Justement, comment les chercheurs anticipent-ils ces nouvelles procédures ? Fanny Lavigne, étudiante en Master 2 « Ingénierie et Economie du développement et de l’environnement » de l’Université de Guyane, s’est penchée sur la question le temps de son stage de fin d’études mené sous la direction de Catherine Aubertin (IRD). « La recherche sur la biodiversité au défi de la mise en place de l’APA : cas de la Guyane », une problématique qui émane du projet structurant Rek-Abios (Regime of Knowledge for Amazonian Biodiversity) du Labex CEBA. Pour rappel, ce projet vise à mettre en évidence le régime de production, de régulation et d’appropriation des connaissances pour la biodiversité amazonienne à partir d’enquêtes approfondies sur le terrain.
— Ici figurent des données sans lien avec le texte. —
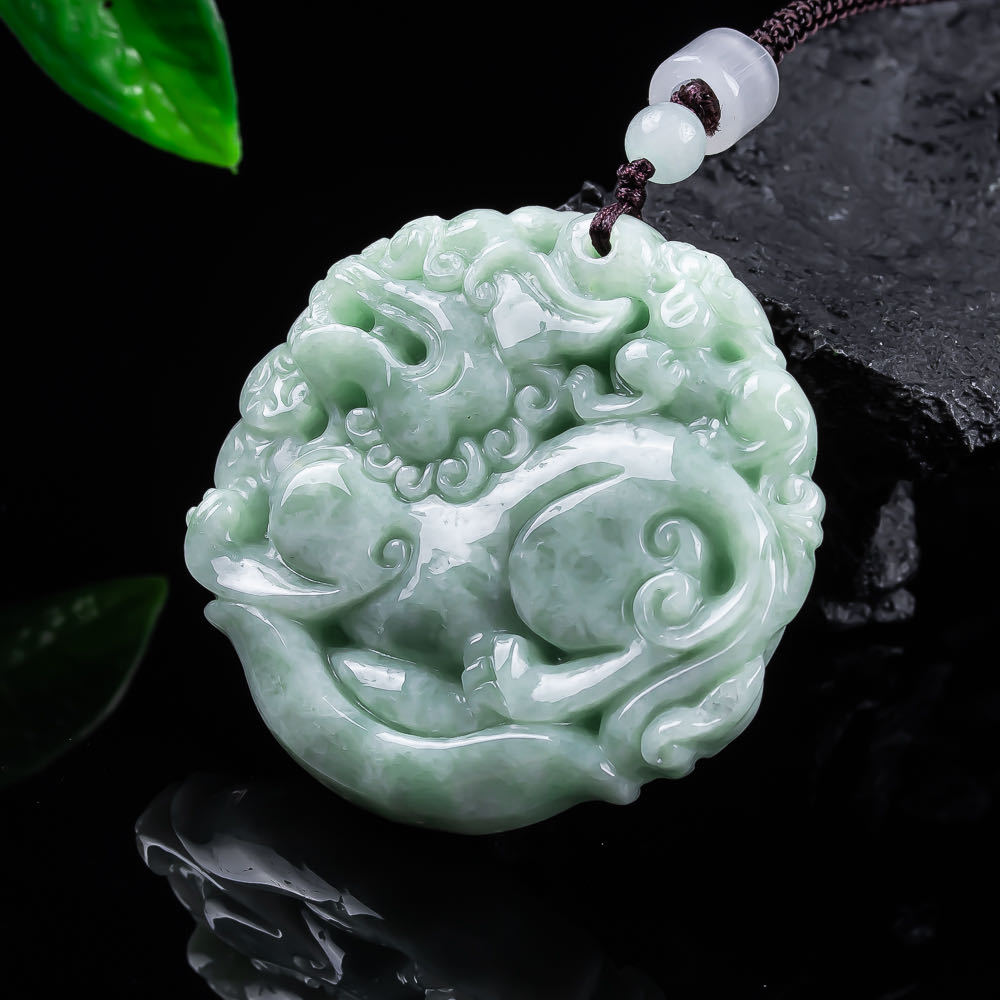 Woman Accessory - Collier pendentif Pixiu en jadéite naturelle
La méthodologie employée repose sur une recherche bibliographique et sur les entretiens d’une cinquantaine de chercheurs et de techniciens de la recherche de diverses institutions en Guyane et majoritairement du réseau du LabEx CEBA. Dans son rapport, Fanny Lavigne s’intéresse à cette mise en place de l’APA dans le monde de la recherche guyanaise et du rapport des chercheurs face à ces nouvelles procédures. Elle constate qu’il demeure toujours quelques zones d’ombres pour les chercheurs en ce qui concerne les procédures pour les demandes d’APA et qu’ils ont pour la plupart une bonne connaissance du Protocole de Nagoya et de la problématique de l’APA en général. Ce travail permet une meilleure compréhension des enjeux de l’APA depuis sa conception jusqu’à son interprétation aujourd’hui en Guyane.

Pour mieux comprendre et appliquer le décret sur l’accès aux ressources génétiques et de partage des avantages, la Fondation pour la recherche sur la biodiversité (FRB) a édité un Guide L’APA, Pas à Pas. Ce guide a été rédigé par un groupe de travail réunissant chercheurs et juristes des instituts de la recherche publique française, des représentants des ministères et des acteurs de la recherche privée pour répondre aux interrogations des acteurs concernés par l’APA.